I checked my twitter feed this morning to find out that, for once, Aamir Khan had actually posted a tweet. He isn’t a regular twitter poster, his last big message was to release a public statement about his issues (or lack there of) with the Bombay police force. So any time there is a message from him, it is a big deal.
And it was a big deal! Rajesh Vivek is dead! You probably don’t know the name, but if you look at the picture above, you will go “oh right, that guy!” You probably know him best as Guran, the village wiseman/mystic in Lagaan (which is why Aamir posted the tweet, as head of the Lagaan family, it was his responsibility). Yesterday, Alan Rickman died, and the world discovered his massive filmography, his range, the respect he had from his friends and co-workers. Today, Rajesh Vivek is dead, and I think we should take at least a little time to acknowledge how, in his own small way, he also contributed to the world of film.
Yesterday, I talked about how Alan Rickman served as a link between multiple fields of film. While Rickman was the marquee name who linked them all, Vivek was the quiet worker, one of millions, who keeps the wheels of Indian film, and film worldwide, turning.
He was first discovered by Shyam Bengal for Junoon, an art film produced by Shashi Kapoor about the Indian rebellion of 1857 (full confession: I bought the DVD last time I was in India, but I still haven’t watched it, even though I know it is an Important Film). Shashi Kapoor is another one of those actors who helped tie together different strands of film. Part of the Kapoor Family, he starred in multiple popular hits from the 60s through the 80s, everything from Satyam Shivam Sunduram to Deewar to Sharmilee. But his true passion always seemed to lie with the more parallel cinema. He worked with Merchant-Ivory often, in fact one of their first films (Shakespeare Wallah) not only starred him, but was based on his own love story. He was married to Jennifer Kendall, part of the Anglo-Indian Kendall acting dynasty (to this day her sister Felicity Kendall, Shashi’s sister-in-law, is a common figure in BBC miniseries). It’s interesting that someone like that, who navigated through every stream of film in India for 30 years, discovered Rajesh Vivek, who in his on small way did the same thing.
After Junoon, Vivek went on to have small roles in everything from Attenborough’s Gandhi to Feroz Khan’s Janbaaz, to BR Chopra’s epic Mahabharata TV serial.
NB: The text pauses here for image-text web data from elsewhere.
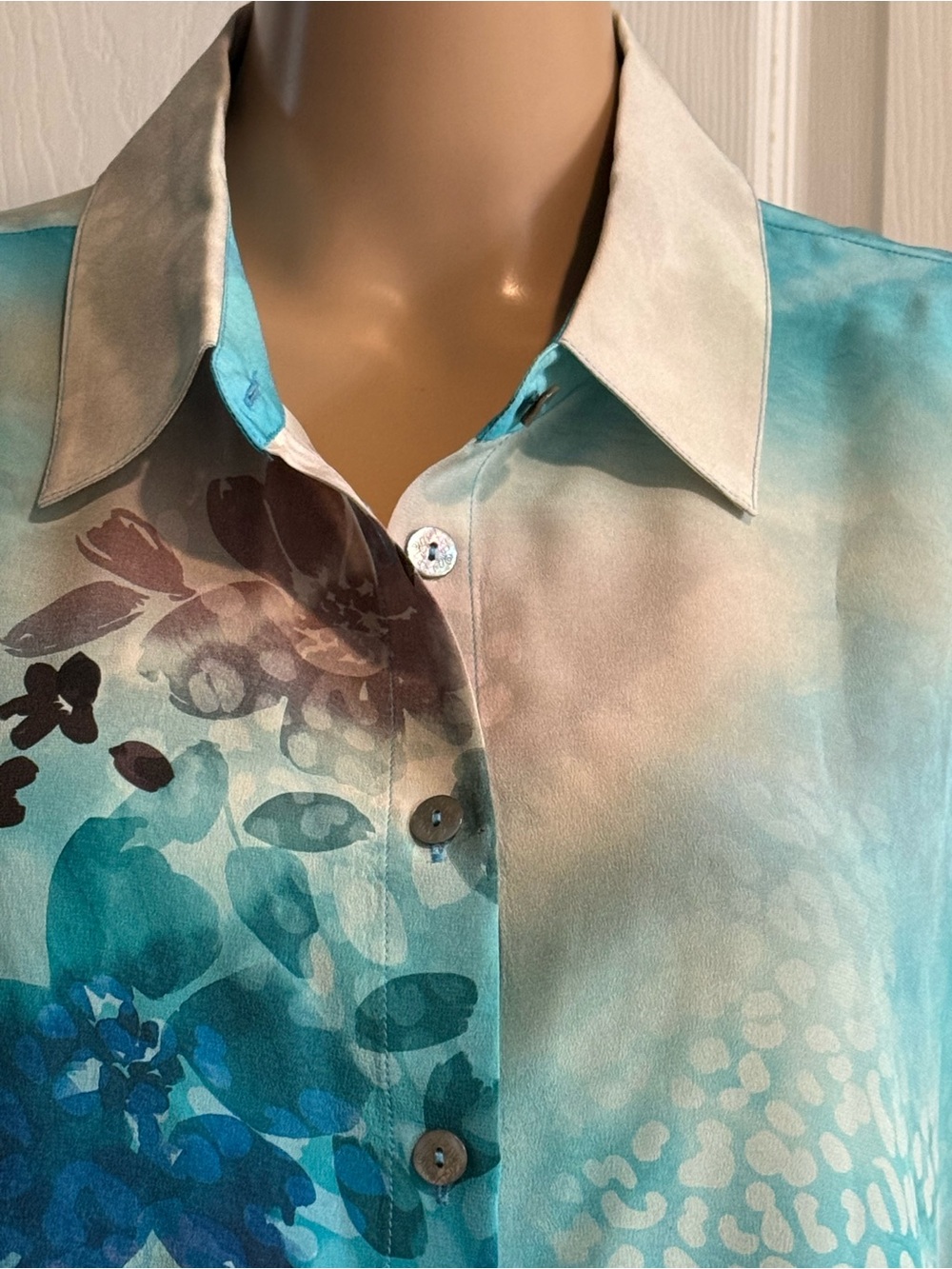 Soft Surroundings Womens Tunic Top Blouse L Blue Silk Jolene Watercolor - Picture 9 of 16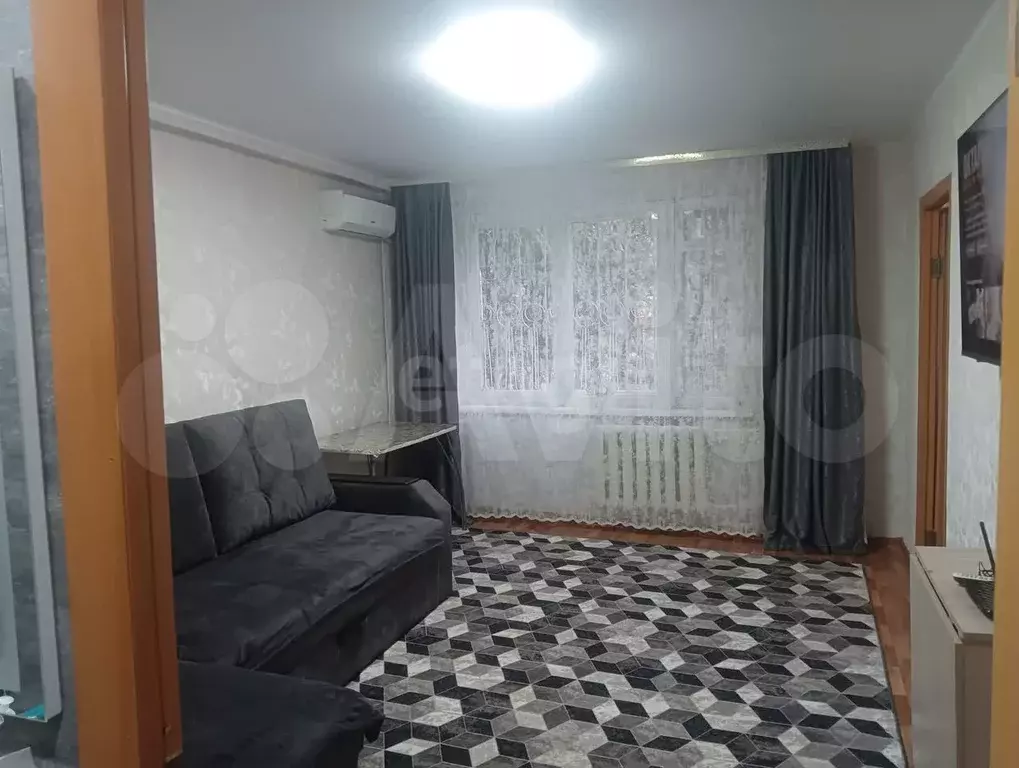 3-к. квартира, 60 м, 1/5 эт. - Фото 0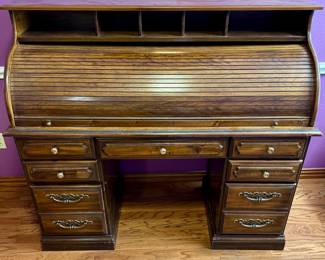 Vintage Full Size Roll Top Desk in Top Condition!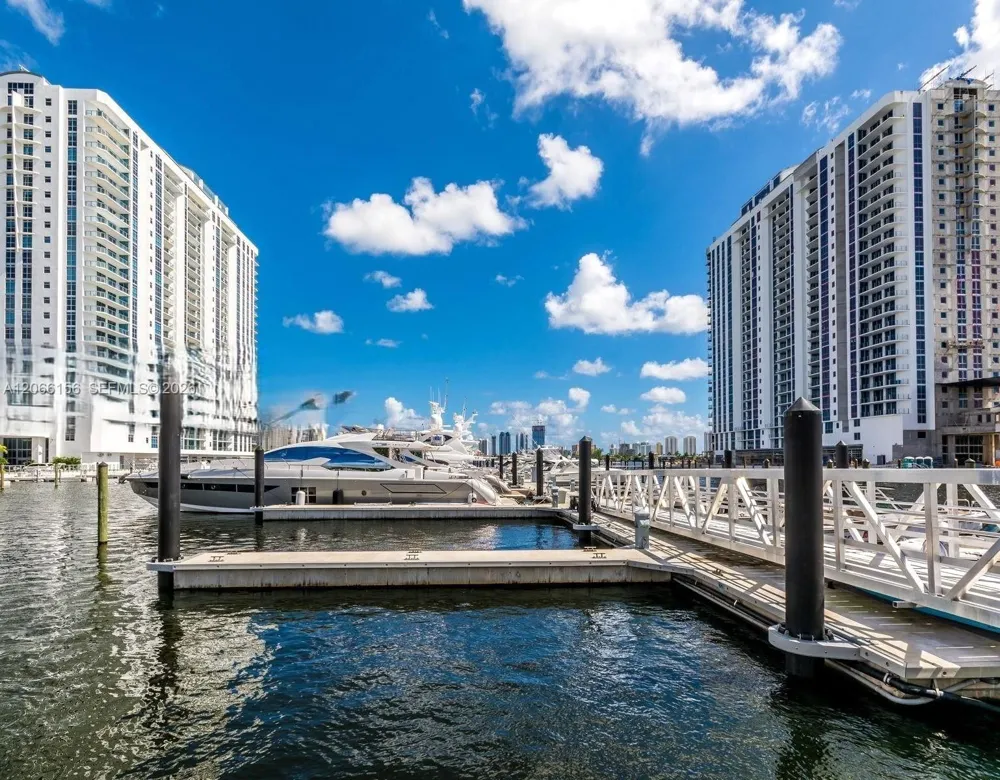 17301 Biscayne Blvd #1004 North Miami Beach, FL 33160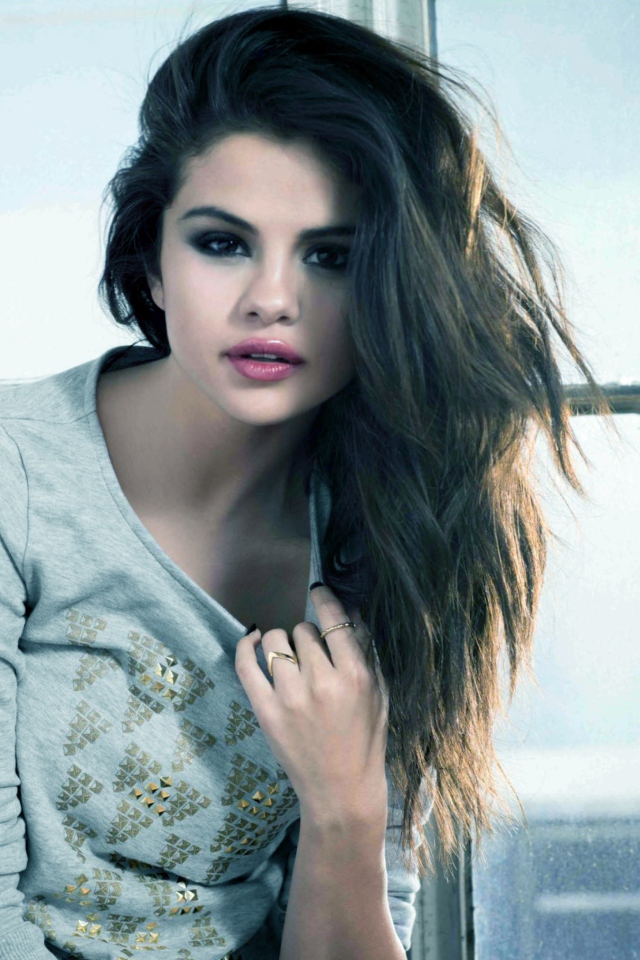 Das Selena Gomez 2013 Wallpaper 640x960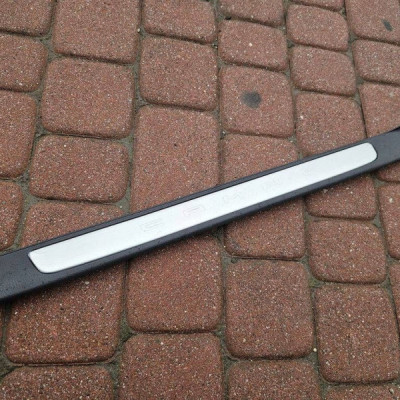 Listwa progowa osłona chrom prawy przód Toyota Camry VIII XV70 67911-33090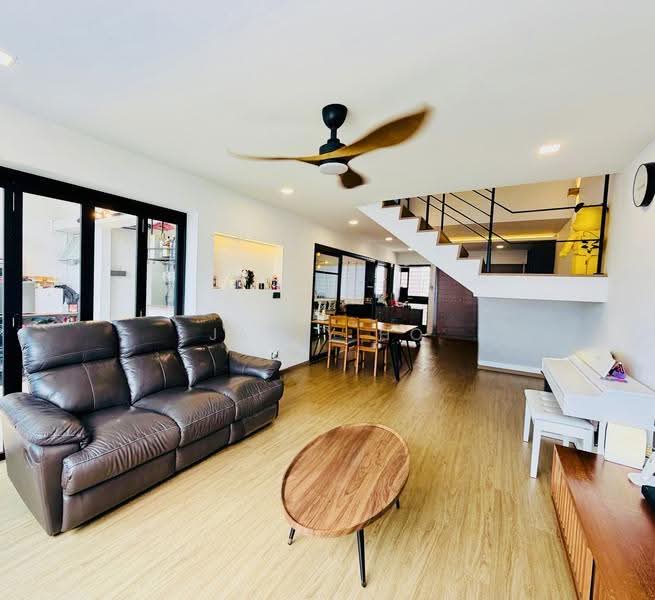867A Tampines Street 83, 867A Tampines Street 83, 3 Bedrooms, 1,571 sqft, HDB Flat For Sale, by Jassy Ho, 500240932 - Living Room - PropertyGuru.com.sg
His biggest part was as a secondary villain in Joshilaay, a 1989 Sunny Deol film (full movie on youtube, sorry no subtitles). Young Ashutosh Gowariker saw this performance and, somehow, it struck a chord with him and he remembered it years later when casting his village mystic in Lagaan.
Lagaan seemed like it would be one of those star making parts. Vivek lights up the screen whenever he is on it. But, it wasn’t. Oh, he got slightly better roles after that, and he worked regularly, but he never reached the point of having a whole film based on him, like Paresh Rawal or Anupum Kehr. Maybe it’s because he was too memorable, too good, he could only work in small increments. But, as a viewer, it was always a thrill when he suddenly appeared on my screen. Particularly as the bright spot in an otherwise terrible movie (Asambhav, I am looking at you).
That’s what I will miss the most, the possibility that, no matter how bad and uninspired a film may be, there is always that chance that Rajesh Vivek will suddenly be in it, working for his paycheck, and giving it his all.
(Check him out, boogieing in the reaction shots, along with Naseeruddin Shah. Mini-Junoon reunion!)